Back in 2005, I had an idea. Recording studios are wondrous places filled with infinite possibilities, but can all that lack of limitation impede creativity and technique? Do we also need to, at least occasionally, put restraints on ourselves to enhance our creative output?
Taking a cue from the classical tradition, where the instrumentation for pieces is very specific, I decided to record a series of albums limited to acoustic guitar, cello and voice. The first two records (Light Plays On A Pearl and The Twin Or The Seed) were released in 2006 and 2007 and received good reviews.
Mark Richardson, Editor-in-Chief and Executive Editor of Pitchfork from 2011 to 2018, wrote of the first record:
“I hear a lot of just-OK music, but this is some great stuff. A wonderful surprise. (The) voice reminds me a bit of Harry Nilsson, (and the) melodies are catchy but original.”
After a decade long hiatus, I finally returned to the project and completed the new record this year.
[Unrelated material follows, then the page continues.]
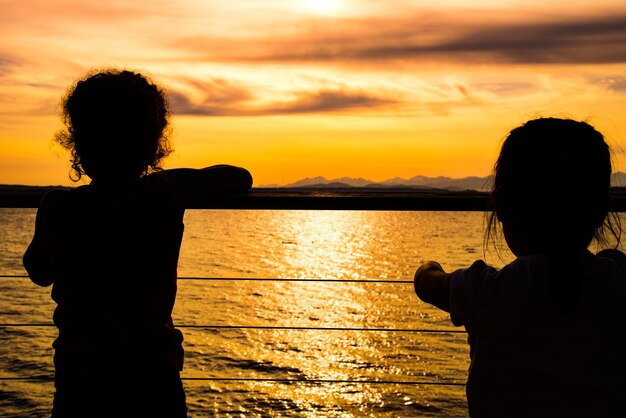 Photo vue arrière de filles en silhouette regardant la mer au coucher du soleil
The songs are about the connection of all things (the title track), our differing points of view (“Some People”), growing up (“Eden’s Overgrown”), searching (“Busy Between Us”), criticisms of our current politics (“Towards Home”), the origins of the cosmos (“A Decent Myth”), and more. The album also features a three voice fugue (“Oblivion”).
The amazing artwork of all the three albums was created by Oklahoma native Dylan Boelte (Apple, Spin Magazine, Oklahoma Gazette, etc.). Dylan utilized physical materials - including seeds, torn paper, wood, and more - to create art that captures the organic aesthetic of the records.
All three records were mastered by Fred Kevorkian of NYC.